An Apache Mesos framework driver called ECSSchedulerDriver has been released via the AWS Labs Github account, and this driver allows the Mesos cluster management “launch task” commands to be sent directly to ECS. The AWS Compute blog states that this driver demonstrates the potential for Amazon ECS to be integrated with the Mesos ecosystem, which would allow use of Mesos frameworks such as Chronos, Apache Spark and Mesosphere’s Marathon to launch tasks on Amazon ECS.
The AWS Compute blog states that this driver has been released to encourage collaboration between the Amazon ECS and Mesos communities, and the code is not intended for production use.
This is an example of what can be done with Amazon ECS, and is not recommended for production use. We are working with the Mesos community to develop a more robust integration between Apache Mesos and Amazon ECS.
The Amazon ECS preview is a scalable container management service that supports Docker containers and allows distributed applications to be run on a managed cluster of Amazon EC2 instances. Amazon ECS provides an API to enable a developer to launch and stop container-enabled applications, query the cluster state from a centralized service, and provides access to several Amazon EC2 features such as security groups, Elastic Block Store (EBS) volumes and Identity and Access Management (IAM) roles.
The AWS Compute blog states that cluster management is becoming an important task in today’s market, as developers and businesses increasingly develop and deploy distributed applications in the cloud. Cluster management systems schedule work and manage the state of each cluster resource. Examples of modern cluster manager systems include Apache Mesos, Google’s Kubernetes and Apache Hadoop YARN.
Common examples of a developer interacting with a cluster management system is when running MapReduce jobs via Apache Hadoop or Apache Spark, or when scheduling long-running services via Marathon or Apache Aurora. These frameworks typically manage a coordinated cluster of machines working together to perform a large task. In the case of Hadoop or Spark, these tasks are typically data analysis jobs or machine learning using a large data set. In the case of Marathon or Aurora, these tasks are most often application services running within a microservice-style platform.
The AWS Compute blog states that modern cluster management systems have two fundamental challenges.

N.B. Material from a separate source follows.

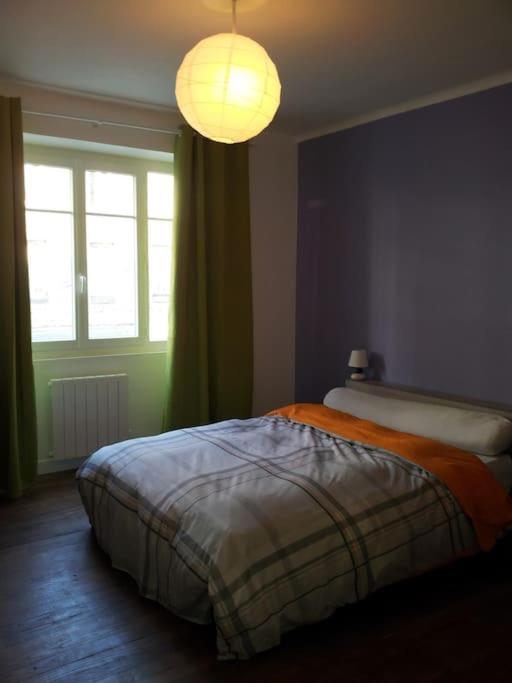 Appartement Spacieux Et Agreable Saint-Brieuc Eksteriør bilde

First, there is a large overhead from managing the state of the cluster. For example, a framework may require the orchestration of a centralised leader or coordination component, and must detect failures, replace machines, and restart the follower components that receive and act on commands.

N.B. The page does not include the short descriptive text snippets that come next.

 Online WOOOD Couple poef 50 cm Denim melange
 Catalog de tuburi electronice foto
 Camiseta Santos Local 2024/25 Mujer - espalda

The second challenge is that each of these systems typically assume full ownership of the machine where their tasks are running. Often multiple individual clusters of machines must be deployed, each dedicated fully to the management system in use. This can lead to inefficient distribution of resources, and jobs taking longer to run than if a shared pool of resources could be used.
The AWS Compute blog states that ECS provides a solution to cluster state management. The management of followers (using the ECS Agent), dispatching of subtasks to the proper location, and state inspection of the cluster are all exposed through an API. Rather than a framework having to manage a set of machines directly, ECS manages the instances.

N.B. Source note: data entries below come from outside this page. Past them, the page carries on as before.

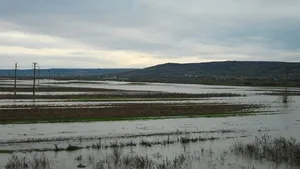 Pericol de inundaţii: Cod portocaliu în Timiş şi Caraş-Severin, cod galben în alte nouă judeţe
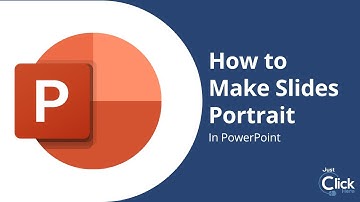 How to change PowerPoint slides to Portrait
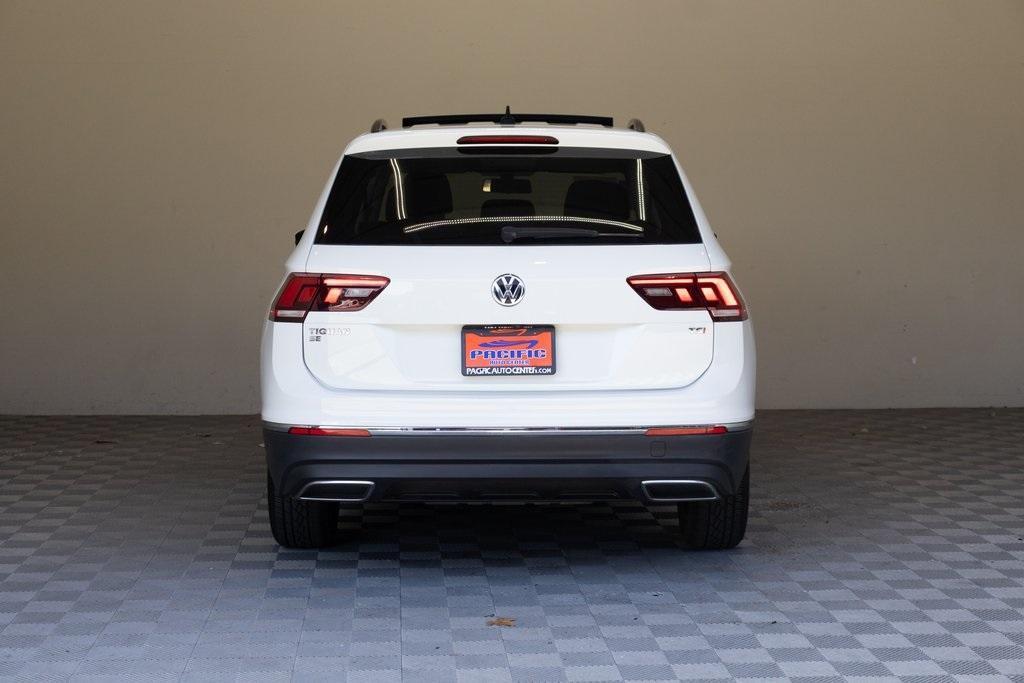 used 2018 Volkswagen Tiguan car, priced at $12,995
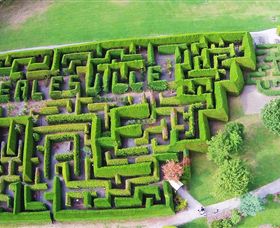 Hedgend Maze And Healesville Laser Sport - E Caravan Parks 0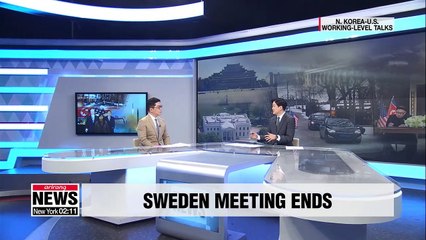 [ISSUE TALK] N. Korea-U.S. working-level talks end... how much progress was made?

The Amazon ECS product overview web page states that one of the core principles behind the design of ECS is the separation of the scheduling logic from the state management. This allows the use of ECS schedulers provided by Amazon, bespoke schedulers to be written by a developer, or third party schedulers to be integrated with the service. The Apache Mesos cluster manager was chosen as a first proof of concept as it provides frameworks that support both batch jobs and long-running tasks.
This demonstrates how we can quickly extend ECS based on customer feedback, in some cases, to co-exist and collaborate with existing open source tools such as Mesos and Marathon. You can also write your own schedulers for ECS if you have specific needs.
The proof of concept ECSSchedulerDriver Mesos framework driver can be found in the AWS Labs Github repository, alongside instructions for running a task using Marathon. The Amazon Compute blog requests that feedback be given via the ECS forum.